İslâm dünyasında, Avrupa emperyalizm imparatorluk hegemonyasından bağımsızlığını gerçekleştirmeye çalışan Ulusal Kurtuluş Hareketlerinin yükselişi yaşanıyordu. Mısır sokakları İslâmî kitlelerle birlikte Cezayir’de, Suriye’de, Endonezya’da, Pakistan’da ve diğer İslâm ülkeleriyle birlikte tepki gösteriyordu.

***

Seyyid Kutub’un fikir ve hareketinin oluşumunda al-menar ekolünün (Afganî, Abduh, Reşit Rıda) tesiri söz konusu mudur?

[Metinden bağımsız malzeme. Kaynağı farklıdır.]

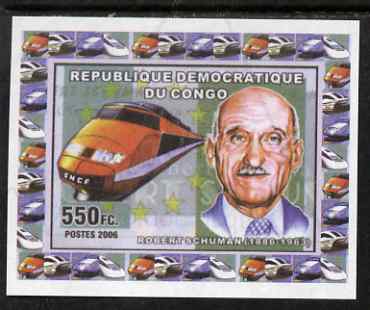 Congo 2006 Robert Schuman #1 with High Speed Train imperf sheetlet cto used, stamps on , stamps on  stamps on personalities, stamps on  stamps on railways, stamps on  stamps on constitutons, stamps on  stamps on europa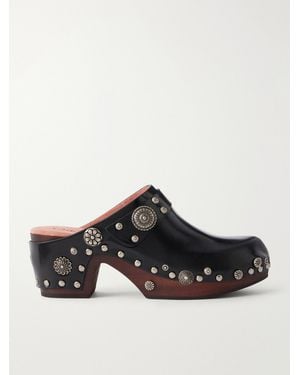 Chloé Talis Embellished Leather Clogs - Black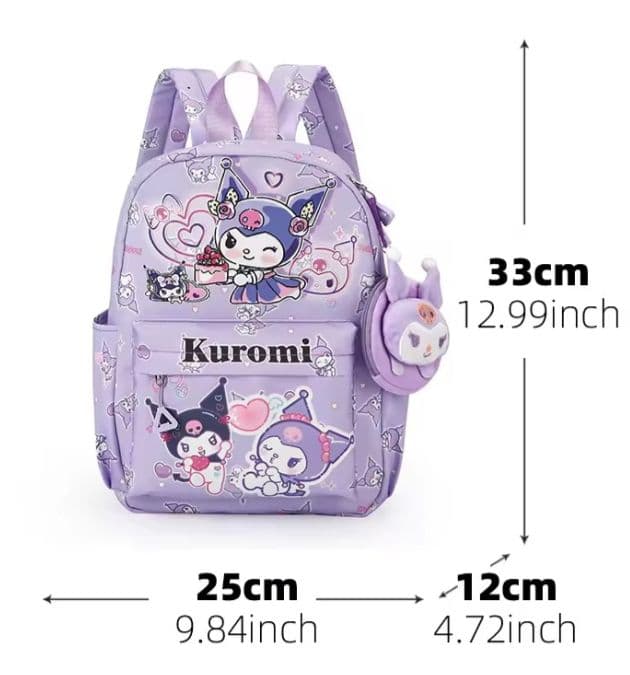 新品未開封】クロミちゃん♡ リュック 薄紫33cm ぬいぐるみポーチ付き1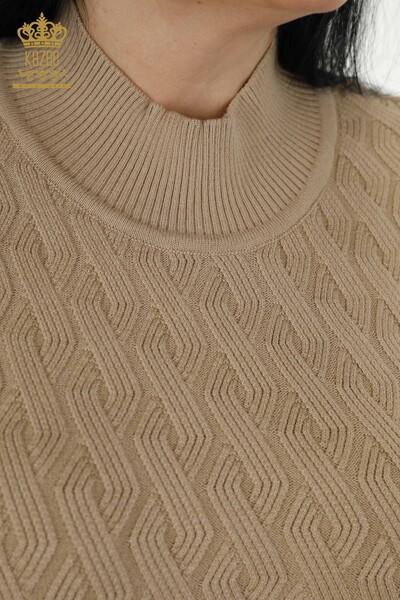 Wholesale Women's Knitwear Sweater - Basic - Beige - 16181 | KAZEE - 4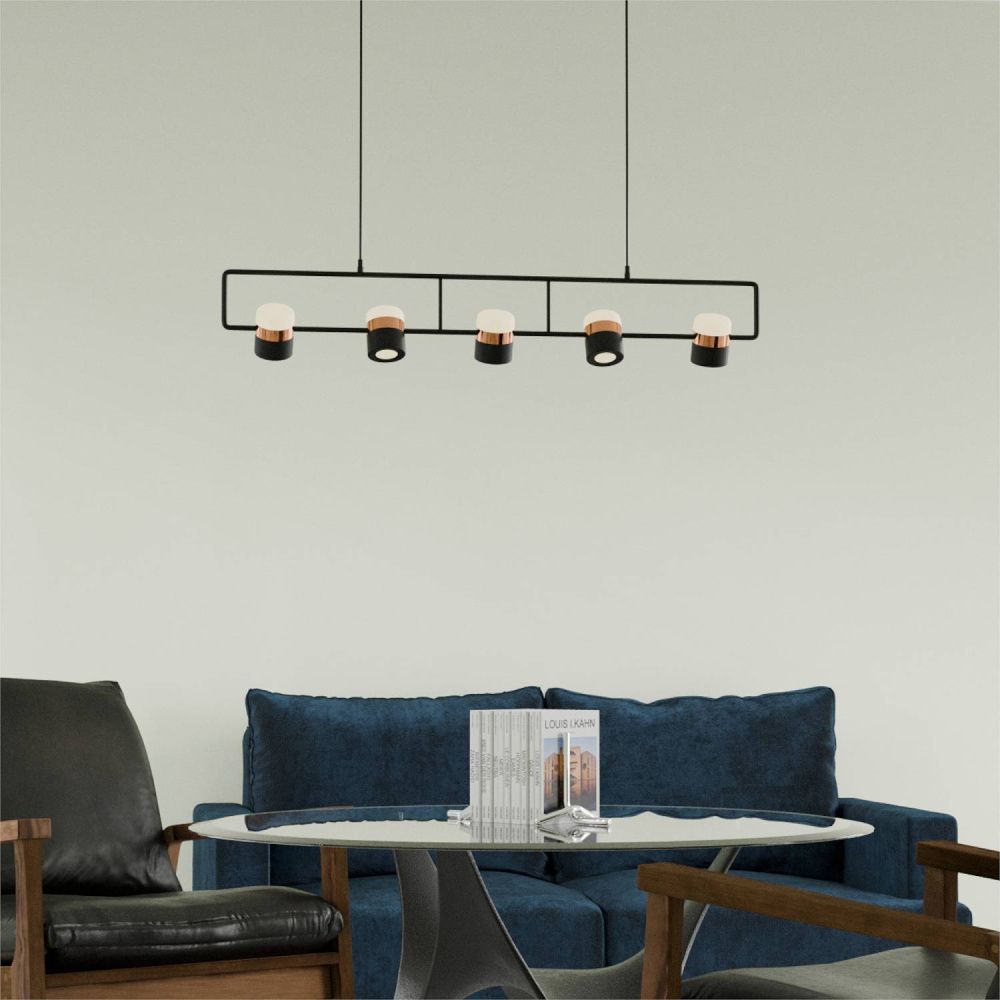 Светильник подвесной 110*20-200 см, 5*LED*6W, 3000-6000K, Lightera Rudolf LE114L-5B SMART, Черный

Cemaleddin Afganî’nin (1254-1314 H 1838-1897 M) devrimci fikirlerinin o tarihlerde devrim ve reformu destekleyen kesimlerde büyük bir etkisi vardır. İmam Muhammed Abduh’u (1266-1323 H 1849-1905 M) ve Şeyh Reşid Rıza’nın (1282-1354 H 1865-1935 M) İhvan’ı Müslimin ile beraber hareket etmiş ve birçok Ezher âlimi Hasan El- Benna’nın (1324-1368h 1906-1949m) İhvanı Müslimine katılmıştır.

Kutub, daha sonraları birkaç kez üzerinde düzeltmeler yapacağı kitabı ‘İslâm’da Sosyal Adaleti’ kaleme aldı. Bu kitap hakkında ne düşünüyorsunuz?

Seyyid Kutub bu dönemde İslâmî Sosyal Adalet fikrine yönelmiş -kapitalizm ve feodalizm karşısında-  “El İştiraki El- Mü‘mine” (mü’min “güvenli” sosyalizm) olarak bu fikri benimsemiştir.

Necip Mahfuz’un (1329-1427 H 1911-2006 M) edebî zekâsını Seyyid Kutub’un keşfettiği gibi Şeyh Muhammed Gazali’nin (1335-1416h 1917-1996m) sosyal ve iktisadi yeteneğini Seyyid Kutub’dan öne geçmiştir. Gazali’nin ilk kitabını “El-İslâmu ve El-Evda-ul –İkstidaiyye” -1947- de takdir ettiğini yazmış ve “El-Cumhur El- Mısri” gazetesinde de onun hakkında birçok yazı yazmıştır. Ve bu kitap hakkında şöyle demiştir: “İktisadi açıdan son sözü bu kitapta söylendi . Ve bu Abdurrahman Azzam’ın  –El Risaletu El- Halideti an İslâm- kitabına benzediğine işaret etmiştir.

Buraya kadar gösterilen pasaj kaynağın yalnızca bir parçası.